GIVEN DATA:
^^^^

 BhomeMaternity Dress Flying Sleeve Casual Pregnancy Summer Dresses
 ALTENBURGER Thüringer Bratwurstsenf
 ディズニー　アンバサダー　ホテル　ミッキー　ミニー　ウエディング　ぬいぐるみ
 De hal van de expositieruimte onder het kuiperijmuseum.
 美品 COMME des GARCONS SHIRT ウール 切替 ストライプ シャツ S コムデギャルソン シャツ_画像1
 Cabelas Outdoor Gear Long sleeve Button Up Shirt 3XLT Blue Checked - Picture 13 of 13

^^^^

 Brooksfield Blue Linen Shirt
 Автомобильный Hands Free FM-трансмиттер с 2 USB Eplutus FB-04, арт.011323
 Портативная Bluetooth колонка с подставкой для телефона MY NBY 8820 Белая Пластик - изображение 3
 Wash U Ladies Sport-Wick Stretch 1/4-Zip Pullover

^^^^

In the records above, the line with "BhomeMaternity Dress Flying" marks the start and the line with "Cabelas Outdoor Gear" marks the end; copy that stretch exactly, both lines included, and nothing else.

YOUR RESPONSE:
 BhomeMaternity Dress Flying Sleeve Casual Pregnancy Summer Dresses
 ALTENBURGER Thüringer Bratwurstsenf
 ディズニー　アンバサダー　ホテル　ミッキー　ミニー　ウエディング　ぬいぐるみ
 De hal van de expositieruimte onder het kuiperijmuseum.
 美品 COMME des GARCONS SHIRT ウール 切替 ストライプ シャツ S コムデギャルソン シャツ_画像1
 Cabelas Outdoor Gear Long sleeve Button Up Shirt 3XLT Blue Checked - Picture 13 of 13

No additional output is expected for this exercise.